A agência estatal de óleo de palma da Malásia expressou sua aprovação à mais recente proposta da União Europeia para adiar a implementação de sua inovadora lei anti-desmatamento.

Isso marca a segunda vez que a UE considera adiar o lançamento dessa legislação significativa, que visa impedir que produtos ligados ao desmatamento entrem no mercado europeu.

A recepção positiva da agência da Malásia ressalta o diálogo contínuo e os desafios potenciais enfrentados pelas principais nações produtoras de óleo de palma na adaptação às novas regulamentações ambientais internacionais.

O Conselho de Óleo de Palma da Malásia (MPOC) divulgou um comunicado indicando que a decisão de adiar ou reconsiderar a implementação do regulamento proporcionaria um momento crucial para a União Europeia.

Este período permitiria à UE abordar exaustivamente uma série de preocupações que foram levantadas tanto no que diz respeito à aplicação prática do regulamento como às suas falhas operacionais e estruturais inerentes.

Regulamentação do desmatamento

O Regulamento de Desmatamento da União Europeia (EUDR) representa um passo significativo na luta global contra o desmatamento e a degradação florestal.

Esta legislação histórica visa proibir a importação de certos produtos de base para o mercado da UE se estiverem ligados à destruição de florestas, garantindo assim que os produtos consumidos pelos cidadãos europeus não contribuam para danos ambientais noutras partes do mundo.

O escopo da EUDR é amplo, abrangendo uma série de commodities importantes que historicamente têm sido os principais impulsionadores do desmatamento.

Isso inclui, mas não se limita a, soja, carne bovina, cacau e óleo de palma. Cada uma dessas commodities tem um impacto substancial no uso da terra e, consequentemente, na saúde das florestas globais.

Por exemplo, a expansão do cultivo de soja, particularmente em regiões como os biomas Amazônia e Cerrado, levou ao desmatamento de vastas áreas de floresta para terras agrícolas.

Da mesma forma, a produção de carne bovina geralmente requer extensas áreas de pastagem, o que pode resultar na conversão de paisagens florestais em pastagens.

O cultivo de cacau, uma commodity global significativa, também tem sido associado ao desmatamento, principalmente na África Ocidental.

E o óleo de palma, um ingrediente onipresente em muitos produtos de consumo, tem sido um notório impulsionador do desmatamento no Sudeste Asiático, levando à perda de habitat e emissões significativas de carbono.

Ao impor essas restrições, o EUDR busca criar uma cadeia de suprimentos mais sustentável para essas commodities.

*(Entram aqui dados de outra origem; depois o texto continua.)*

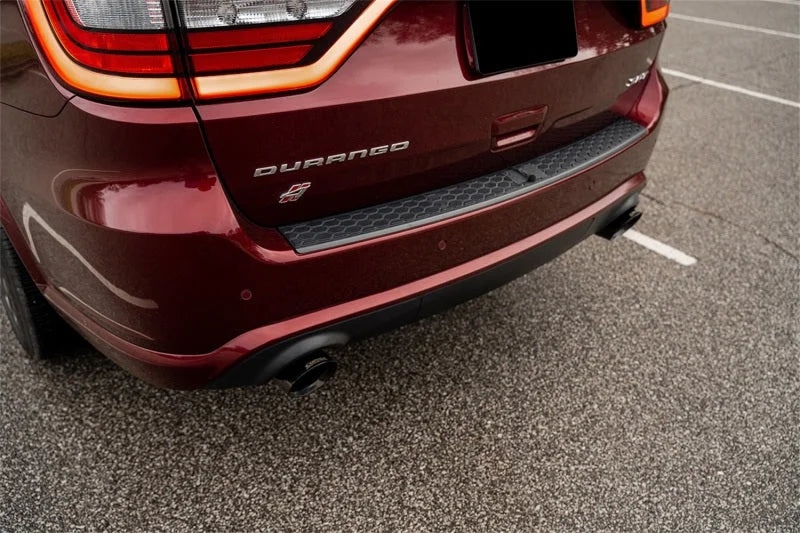 Corsa 2018-2025 Dodge Durango SRT 392 Cat-Back 2.75in Dual Rear Exit Sport 4.5in Black PVD Tips - Additional View 5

Exigirá que as empresas que importam esses produtos para a UE realizem a devida diligência, demonstrando que seus produtos não foram produzidos em terras que foram desmatadas após uma data limite específica.

Desafios e preocupações

O MPOC levantou dúvidas sobre a praticidade do regulamento, especialmente devido aos investimentos significativos que as empresas fizeram para cumprir e o esforço mais amplo da indústria para melhorar a sustentabilidade.

A associação disse:

A UE adiou anteriormente a lei por um ano devido a objeções da indústria e de parceiros comerciais como Brasil, Indonésia e Estados Unidos, que levantaram preocupações sobre os custos de conformidade.

A Malásia, um dos principais produtores globais de óleo de palma, expressou preocupação com a carga regulatória do cumprimento da lei e sua designação pela UE como uma nação de "risco padrão".

Os regulamentos da UE exigem inspeções para 3% de todas as remessas de países de "risco padrão". Por outro lado, os países de "baixo risco" estão sujeitos a requisitos menos rigorosos de due diligence.